“Bir ülkede gerçekten eğitimi ele geçirirseniz, kendi kadrolarınızı yetiştirirseniz ve bu kadrolar sizin siyasi arka bahçeleriniz olursa istediğimiz her şeyi yapabilirsiniz.” Bu sözler eğitimci Tünay Devrim´e ait. Eğitimci-yazar Müsl?

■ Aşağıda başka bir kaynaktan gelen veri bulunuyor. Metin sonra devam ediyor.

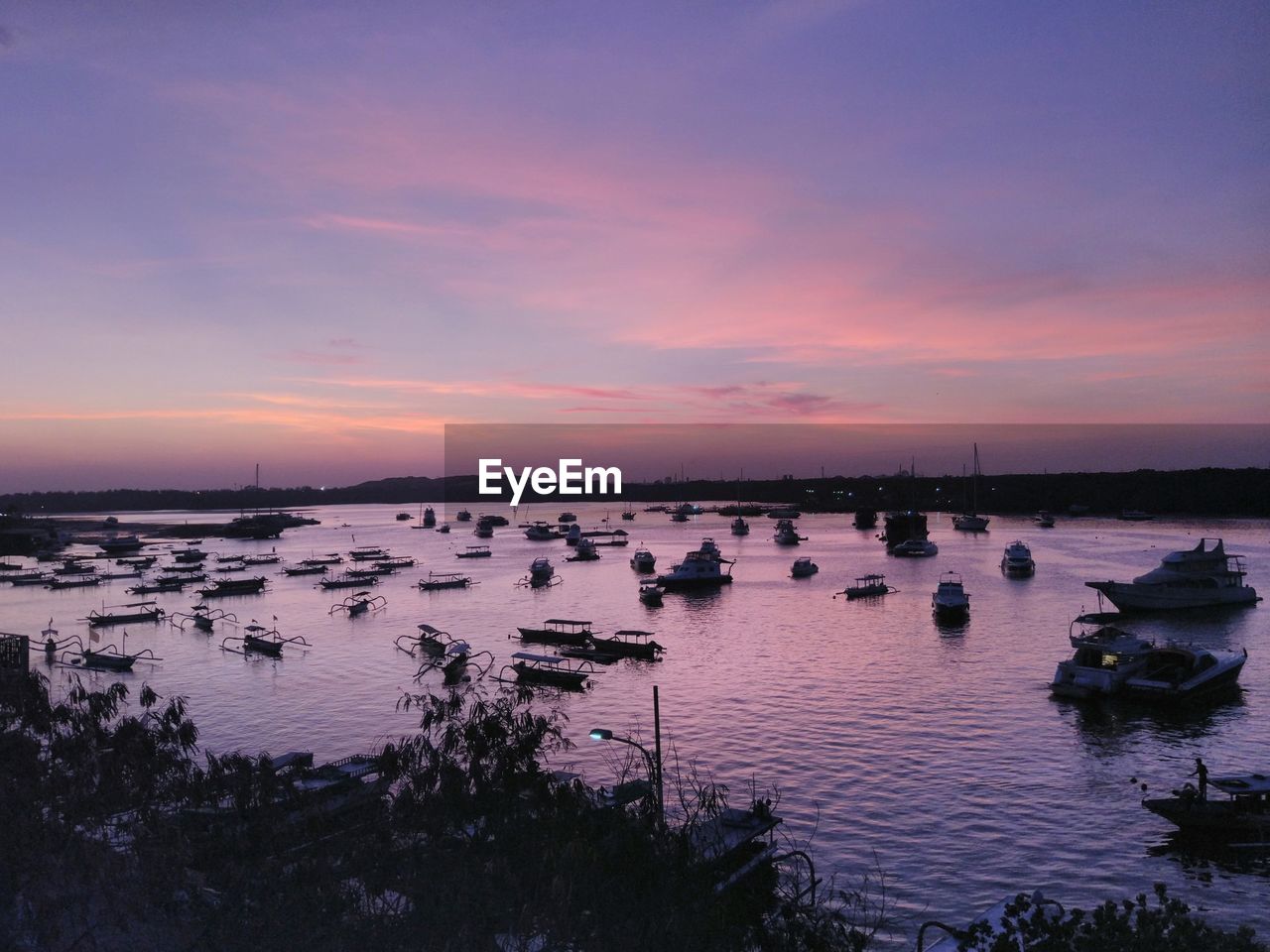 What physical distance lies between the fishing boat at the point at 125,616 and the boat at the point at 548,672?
33931 mm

Sadet Berkyürek/İskenderun
Evimiz İskenderun Süpürge Derneği ile Ayna İskenderun Kültür Sanat Derneği´nin Yazar ve eğitimci Recep Yıldırım´ın yönetiminde gerçekleşen geleneksel Çarşamba Sohbetleri etkinliğinde eğitim sistemi ve öneriler ele alındı. Yoğun katılımla gerçekleşen toplantıda eğitimci Tunay Devrim, “2015´te yaşanan darbe girişimi ve çoğumuzun daha öncelerden gördüğü, bildiği FETÖ yapılanması dediğimiz şeyin aslında tam da 2006 yılından bizlerin uyarıldığını görüyoruz. Bir ülkede gerçekten eğitimi ele geçirirseniz, kendi kadrolarınızı yetiştirirseniz ve bu kadrolar sizin siyasi arka bahçeleriniz olursa ondan sonra istediğimiz her şeyi yapabilirsiniz. Peki bizim eğitim sistemimiz bu doğrultuda mı gelişti son 15 yılda?” diye konuştu.
Eğitimin yapılanmasında alternatifin ‘toplumcu, laik ve bilimsel eğitim´ olduğunu vurgulayan Devrim, eğitim sorunlarını ‘karanlığı hedefleyen hedefsizlik, siyasetin arka bahçesi okullar, eğitimde eşitsizlik, yap boz tahtasına dönen sınav uygulamalar´ başlıkları altında tartışmaya açtı. Türkiye´de planlar ve değiştirilen müfredatlarla bir eğitim kaosunun yaşandığını ve bununla ‘ne kadar düşünmeyen, sorgulamayan öğrenci yetiştirirseniz o kadar işimize gelir´ anlayışının sürdürüldüğünü de sözlerine ekleyen Tünay Devrim, “Çünkü sorgulamayan, okumayan bir nesil yetiştirmek onların işine geliyor. Günümüzün en büyük sorunların biri de budur. Her sene değiştirilen plan ve müfredatla gözümüzü boyayarak ‘yepyeni, bizi geleceğe taşıyacak, uzak çağına çıkaracak Türkiye diye lanse ediyorlar, ancak içinin boş olduğunu görüyoruz” diye konuştu.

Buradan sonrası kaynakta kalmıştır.